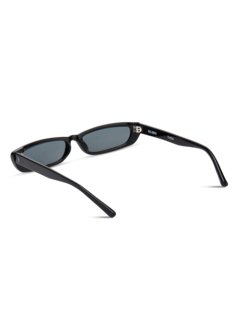 نظارة شمسية ثيا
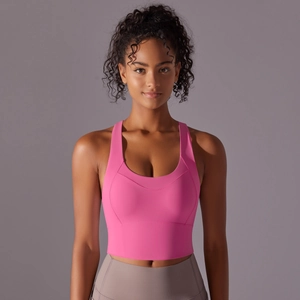 Vue de face du soutien-gorge de sport rose à impact élevé avec larges bretelles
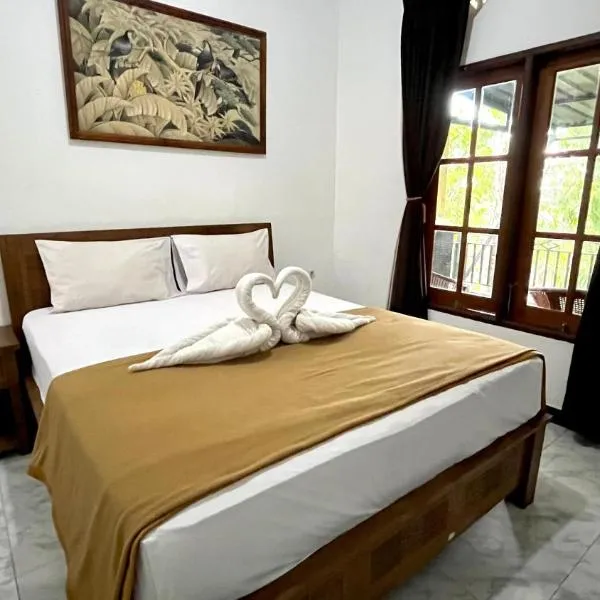 Adhya Guest House，位于Cakranegara的酒店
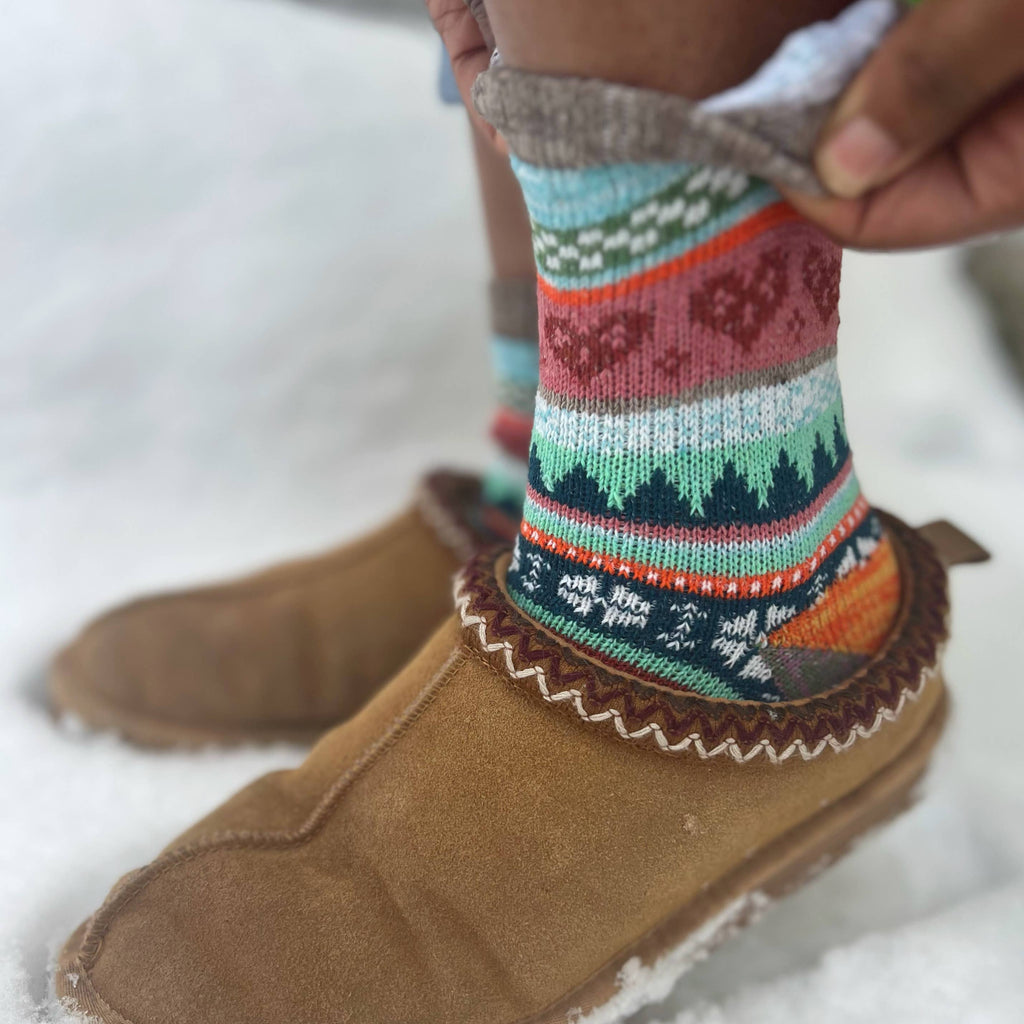 Heart Hygge Socks - Retro Cabin Cozy Boots & Slides Socks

----------------

■ Exercise aim: Give again, word for word, only the lines from the line containing "Adhya Guest House，位于Cakranegara的酒店" through the last line above, both included; leave the pictures out.

■ Result:
 Adhya Guest House，位于Cakranegara的酒店
 Heart Hygge Socks - Retro Cabin Cozy Boots & Slides Socks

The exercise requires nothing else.